Teilhard de Chardin y la jerarquía católica

-¿Y Teilhard de Chardin?

-Cierta mañana me visitó en la UNESCO. Creía en el hombre y creía en la religión. A lo largo de pacientes pesquisas, había descubierto el camino para conciliar -en su inteligencia- el evolucionismo y la fe. Proclamaba a la vez su devoción a la ciencia y a Jesucristo. Vivía en peligro de que la jerarquía católica reprobase, en cualquier momento, su actividad. No pedía, ante el riesgo, ninguna ayuda. Trataba sólo de que su verdad alumbrase el sendero de los escépticos y de los ignorantes. Cuando releo ciertos volúmenes suyos, evoco su imagen de hombre predestinado a la vida heroica del pensamiento. Y me conforta la reflexión de que, en la tragedia de nuestro tiempo, no todo fue solamente violencia y ruido.
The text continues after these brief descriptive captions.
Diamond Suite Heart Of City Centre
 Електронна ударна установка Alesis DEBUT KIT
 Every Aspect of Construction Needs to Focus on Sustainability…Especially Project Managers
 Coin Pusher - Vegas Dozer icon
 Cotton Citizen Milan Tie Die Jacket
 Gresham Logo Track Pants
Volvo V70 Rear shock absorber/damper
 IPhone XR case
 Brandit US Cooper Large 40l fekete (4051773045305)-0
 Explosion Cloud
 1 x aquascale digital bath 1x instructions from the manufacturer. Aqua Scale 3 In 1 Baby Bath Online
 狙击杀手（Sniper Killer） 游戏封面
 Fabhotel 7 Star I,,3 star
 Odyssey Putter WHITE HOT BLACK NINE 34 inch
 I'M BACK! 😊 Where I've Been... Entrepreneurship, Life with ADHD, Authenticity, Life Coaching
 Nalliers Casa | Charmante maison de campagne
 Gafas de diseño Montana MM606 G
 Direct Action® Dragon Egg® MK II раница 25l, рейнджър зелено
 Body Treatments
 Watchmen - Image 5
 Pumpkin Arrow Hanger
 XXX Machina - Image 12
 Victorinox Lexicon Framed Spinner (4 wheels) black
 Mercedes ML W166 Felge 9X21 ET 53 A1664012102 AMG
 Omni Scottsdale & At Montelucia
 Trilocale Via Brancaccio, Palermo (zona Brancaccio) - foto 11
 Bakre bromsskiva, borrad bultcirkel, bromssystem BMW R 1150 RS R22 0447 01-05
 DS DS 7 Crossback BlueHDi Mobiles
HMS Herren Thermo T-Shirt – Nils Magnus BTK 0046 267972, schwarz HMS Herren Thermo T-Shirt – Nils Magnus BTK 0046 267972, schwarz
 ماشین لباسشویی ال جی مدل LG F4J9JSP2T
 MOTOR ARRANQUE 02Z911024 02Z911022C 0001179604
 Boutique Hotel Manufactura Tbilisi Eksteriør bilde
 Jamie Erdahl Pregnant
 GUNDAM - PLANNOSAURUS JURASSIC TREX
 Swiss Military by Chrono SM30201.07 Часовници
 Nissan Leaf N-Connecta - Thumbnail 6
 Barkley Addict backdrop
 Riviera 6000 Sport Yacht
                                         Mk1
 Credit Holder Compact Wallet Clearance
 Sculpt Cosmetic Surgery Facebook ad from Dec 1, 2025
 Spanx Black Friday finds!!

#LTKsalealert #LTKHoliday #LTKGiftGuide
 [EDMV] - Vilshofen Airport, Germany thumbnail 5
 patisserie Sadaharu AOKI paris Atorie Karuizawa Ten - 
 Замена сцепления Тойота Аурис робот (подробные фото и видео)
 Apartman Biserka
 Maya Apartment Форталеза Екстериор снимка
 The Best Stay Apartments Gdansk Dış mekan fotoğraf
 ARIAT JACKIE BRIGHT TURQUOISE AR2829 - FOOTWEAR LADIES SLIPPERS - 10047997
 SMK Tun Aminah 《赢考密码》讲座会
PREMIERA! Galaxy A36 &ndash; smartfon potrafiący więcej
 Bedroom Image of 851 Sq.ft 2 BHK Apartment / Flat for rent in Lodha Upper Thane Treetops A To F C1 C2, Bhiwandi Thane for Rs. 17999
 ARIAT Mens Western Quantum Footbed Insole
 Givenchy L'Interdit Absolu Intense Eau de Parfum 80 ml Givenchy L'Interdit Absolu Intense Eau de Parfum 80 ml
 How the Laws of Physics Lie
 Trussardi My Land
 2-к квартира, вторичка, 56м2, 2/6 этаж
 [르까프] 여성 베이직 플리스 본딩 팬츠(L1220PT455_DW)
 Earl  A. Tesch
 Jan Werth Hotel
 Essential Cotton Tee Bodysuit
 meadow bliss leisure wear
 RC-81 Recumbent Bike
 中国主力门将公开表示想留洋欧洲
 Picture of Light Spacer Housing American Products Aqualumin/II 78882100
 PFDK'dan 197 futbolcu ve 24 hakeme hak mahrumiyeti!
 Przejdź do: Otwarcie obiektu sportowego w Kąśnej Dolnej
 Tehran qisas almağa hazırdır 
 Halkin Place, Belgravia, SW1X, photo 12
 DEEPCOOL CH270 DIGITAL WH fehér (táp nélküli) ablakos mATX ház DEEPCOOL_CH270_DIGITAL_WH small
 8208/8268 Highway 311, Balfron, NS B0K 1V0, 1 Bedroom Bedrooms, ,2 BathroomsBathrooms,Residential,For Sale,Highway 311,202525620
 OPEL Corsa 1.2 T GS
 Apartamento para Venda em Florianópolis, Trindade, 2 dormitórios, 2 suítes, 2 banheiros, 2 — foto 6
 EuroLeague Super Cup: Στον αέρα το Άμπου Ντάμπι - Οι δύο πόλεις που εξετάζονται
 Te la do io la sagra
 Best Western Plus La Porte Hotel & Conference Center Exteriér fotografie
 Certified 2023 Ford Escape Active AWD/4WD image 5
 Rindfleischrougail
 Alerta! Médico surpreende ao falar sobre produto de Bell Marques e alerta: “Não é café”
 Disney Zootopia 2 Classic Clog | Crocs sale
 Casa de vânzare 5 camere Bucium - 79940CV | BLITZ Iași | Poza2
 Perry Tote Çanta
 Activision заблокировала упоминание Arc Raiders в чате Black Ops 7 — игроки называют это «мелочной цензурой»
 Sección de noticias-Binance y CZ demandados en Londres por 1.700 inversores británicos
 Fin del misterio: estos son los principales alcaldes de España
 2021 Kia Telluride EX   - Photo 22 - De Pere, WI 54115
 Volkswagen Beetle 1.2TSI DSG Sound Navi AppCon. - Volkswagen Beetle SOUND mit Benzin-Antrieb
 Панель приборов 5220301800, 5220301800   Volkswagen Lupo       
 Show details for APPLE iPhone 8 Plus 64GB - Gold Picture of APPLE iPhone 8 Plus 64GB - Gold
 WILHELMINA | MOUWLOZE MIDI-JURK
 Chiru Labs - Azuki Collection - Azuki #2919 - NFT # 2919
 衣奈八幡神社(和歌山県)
(Don Jaime calla. Afuera su chofer lo espera para llevarlo a la Academia Mexicana de la Lengua. Me despido. Atravesamos el jardín con una fuente blanca. La casa es tan pulcra como don Jaime mismo. Recuerdo que la última vez que lo vi fue en el sepelio del embajador Rafael Fuentes, que solía decir risueño y orgulloso: ''¿Yo? Yo soy el papá de Carlos Fuentes...'' Yo lo quería bien. Era tan guapo como su hijo Carlos. Y muy caballeroso. Ese triste día, don Jaime permaneció mucho tiempo en el panteón bajo un sol que caía a plomo a las 3 de la tarde, sobre la nuca, sobre los hombros; y él, solícito y dolido, no dejó un solo momento de participar en la ceremonia. Sin duda alguna, es ésta una de las cualidades fundamentales de don Jaime Torres Bodet: participar siempre con señorío e inteligencia en lo que él llama ''la tragedia de nuestro tiempo''.)